“Out.”

“What out? Where did he go?”

“How should I know? You don’t pay us to put tracking devices in their undershirts.”

There was a slap and a yelp. “You were supposed to keep him here.”

“Yeah.” This time it was the thin man. “You were supposed to keep him here.”

“He didn’t take well to stalling tactics, all right? He left. He said he was going to do his laundry down by the riverside. That’s what I know. You hit me again and I’ll report you.”

Another slap, another yelp. From the sound of his voice, Kim had moved around the counter and was standing right outside the little door. “You people had better get it straight who’s in charge from now on. What happened to these TV monitors? You’re supposed to be taping everyone who comes in here.”

“They’re not on.”

“I can see that. When did they go off?”

“Yesterday, day before, who knows? I’m not a technician. We put in a request for maintenance, but they’re sealed, so someone special has to open them. He hasn’t shown up. Hey! Let go of me.”

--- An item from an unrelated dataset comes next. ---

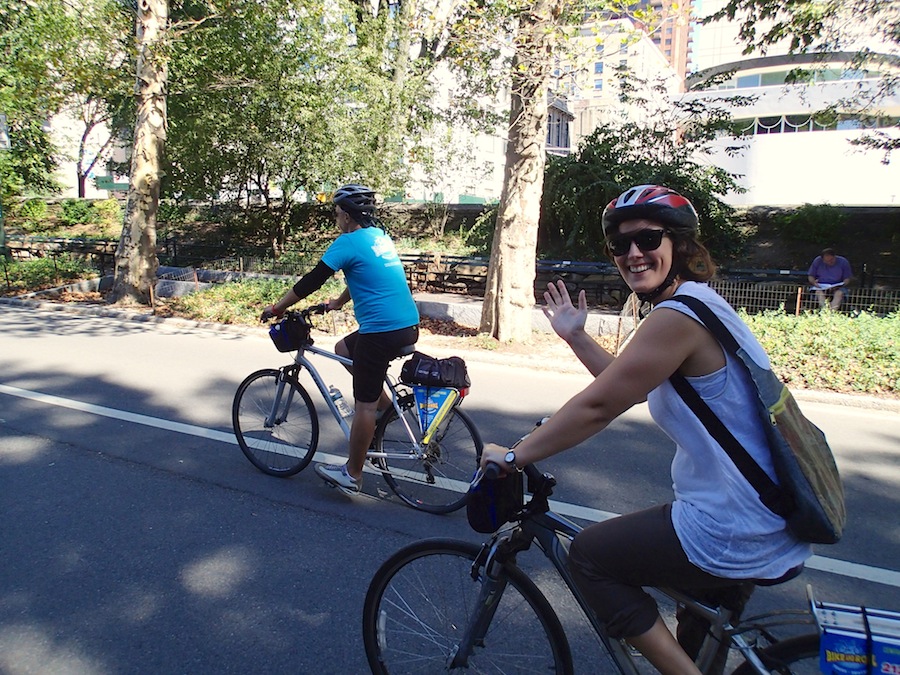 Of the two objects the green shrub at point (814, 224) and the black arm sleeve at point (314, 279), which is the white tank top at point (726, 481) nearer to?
the black arm sleeve at point (314, 279)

“You screw with me once more, you’ll end up in a camp, you understand? And they aren’t nice, those guards. Get these monitors fixed. Everything else better be working, too. I’ll be back to check. And you,” I was guessing he had pointed a finger at the thin man, “you go down to the river and pick him up. If he gets out of your sight again, you’re going to be trading recipes with the crabs at the bottom of the West Sea.”

The car engines started up, and tires screamed out of the parking lot. A minute later, the clerk opened the little door and looked in. “You heard that?”

I came out and straightened up. “I heard.”

“One of these days, I’m going to put a bullet in his skull.”

“Good for you. Since when are we friends?”

“Beats me. I only do what I’m told.”

“By whom?”

“Someone better than him.” She rubbed her cheek.

“If you don’t mind my asking, what’s the handy little closet under there?”

“It leads into the main monitoring panels for the audio and video surveillance in all the room-phones, lamps, phony sprinkler heads.”

“TVs in the bathroom,” I said.

She shrugged. “Most of the time, whole floors in a hotel are devoted to monitors and transcribers and so forth, but these owners didn’t want to sacrifice profits. They must have had a lot of clout, because Security ended up with everything crammed into a room at the end of that tunnel.”

“Thanks.”

“You need another place to stay. Don’t leave me a forwarding address; I don’t want to know. If I were you, I wouldn’t leave by the front door.”

“Where?”

“There’s a back exit.” She fiddled with a dial on one of the monitors and a picture appeared. “Nobody around. They’d be in plain sight if they were back there.”

“I thought the monitors weren’t working.”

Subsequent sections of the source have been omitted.